### Task brief
Transcribe only what runs from the line containing "Used 2024 RAM 3500 Laramie AWD/4WD image 26" through the end of the listing, line for line and exactly, and omit the pictures.
# # # #
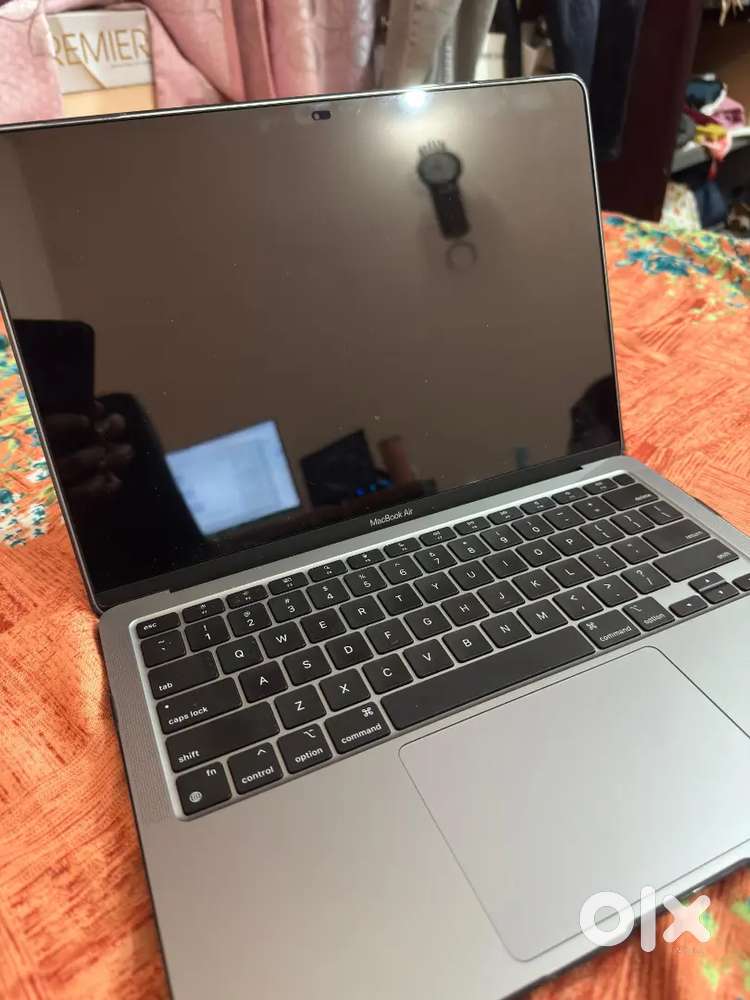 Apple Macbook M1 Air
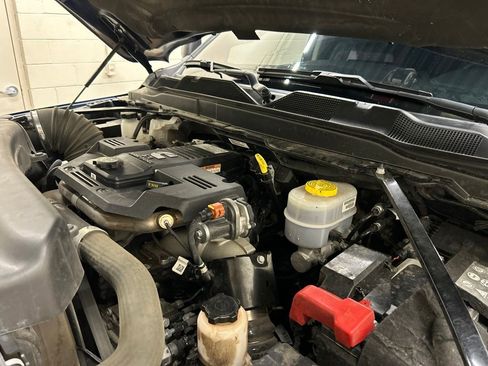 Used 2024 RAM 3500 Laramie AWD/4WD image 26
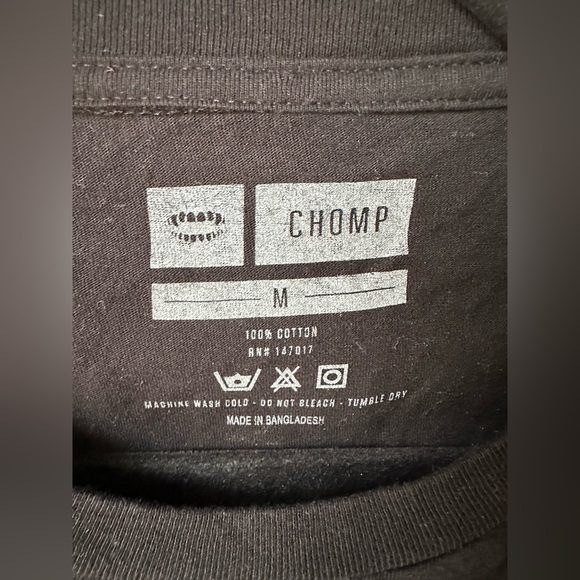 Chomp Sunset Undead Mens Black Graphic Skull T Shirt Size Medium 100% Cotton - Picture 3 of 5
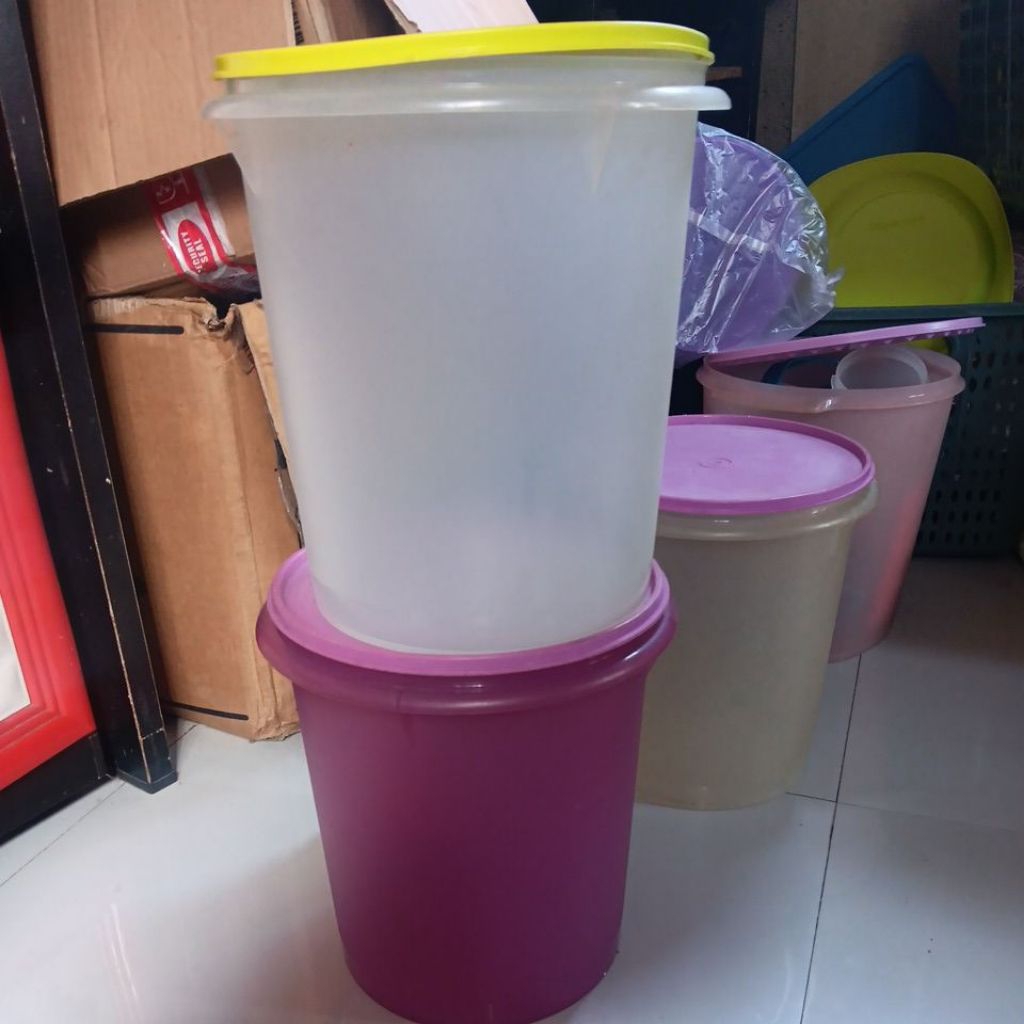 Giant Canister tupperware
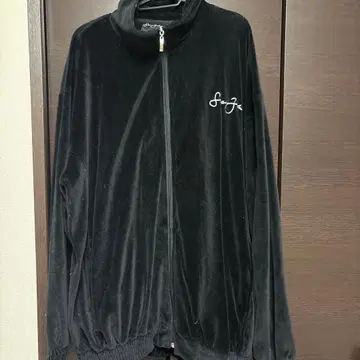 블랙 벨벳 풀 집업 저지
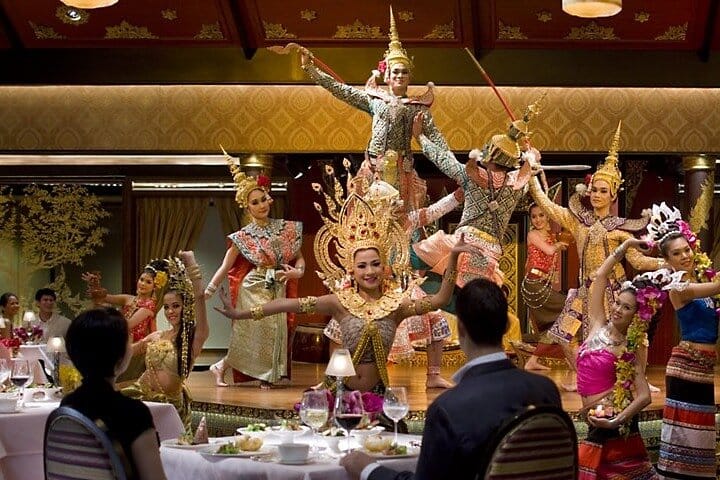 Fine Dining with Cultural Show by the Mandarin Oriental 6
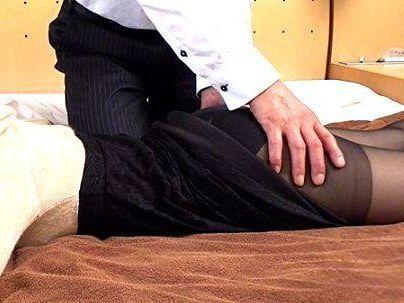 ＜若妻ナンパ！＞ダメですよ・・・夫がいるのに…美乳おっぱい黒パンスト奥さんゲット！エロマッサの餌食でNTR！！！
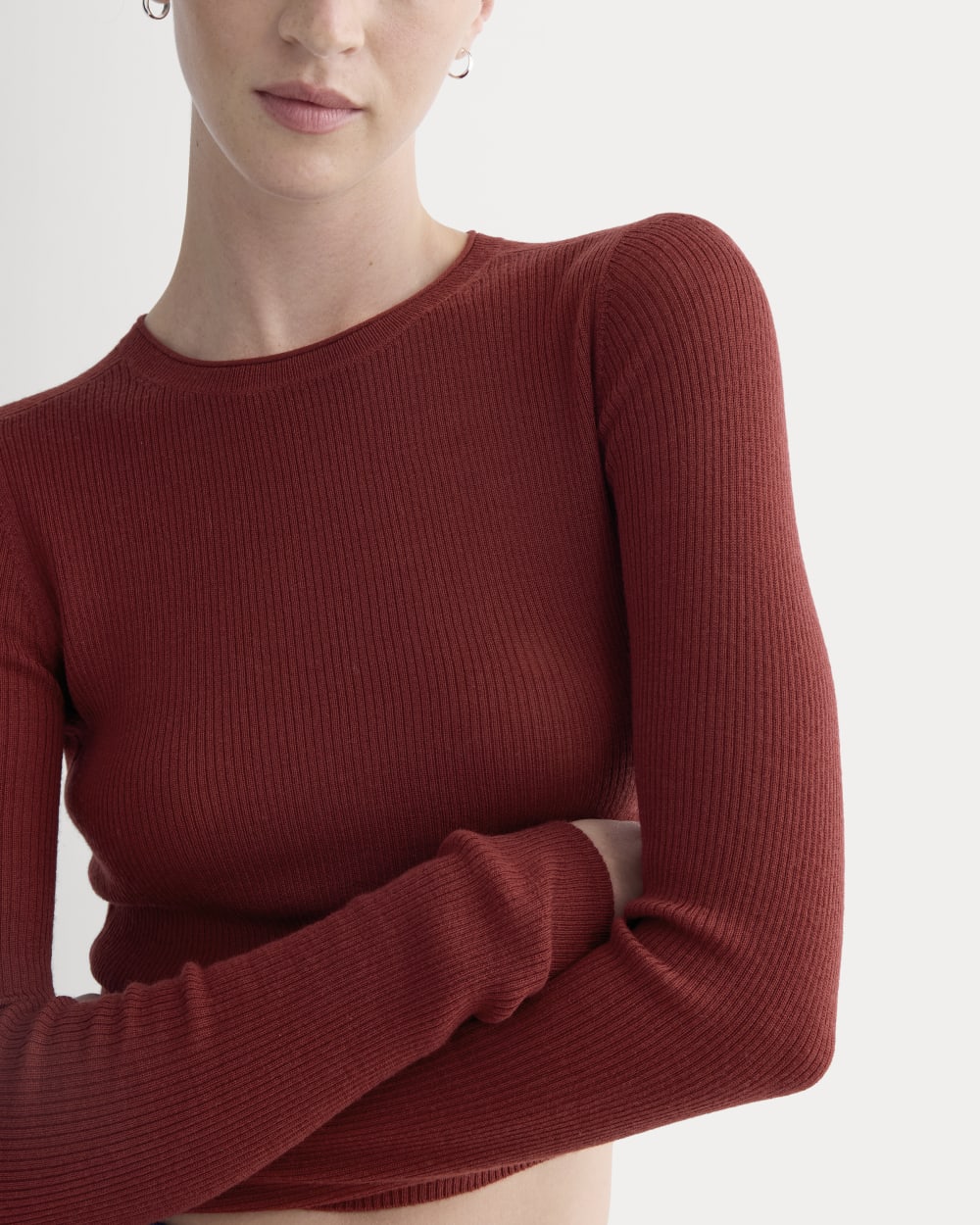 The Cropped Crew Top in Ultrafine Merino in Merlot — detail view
# # # #
### Exercise response
 Used 2024 RAM 3500 Laramie AWD/4WD image 26
 Chomp Sunset Undead Mens Black Graphic Skull T Shirt Size Medium 100% Cotton - Picture 3 of 5
 Giant Canister tupperware
 블랙 벨벳 풀 집업 저지
 Fine Dining with Cultural Show by the Mandarin Oriental 6
 ＜若妻ナンパ！＞ダメですよ・・・夫がいるのに…美乳おっぱい黒パンスト奥さんゲット！エロマッサの餌食でNTR！！！
 The Cropped Crew Top in Ultrafine Merino in Merlot — detail view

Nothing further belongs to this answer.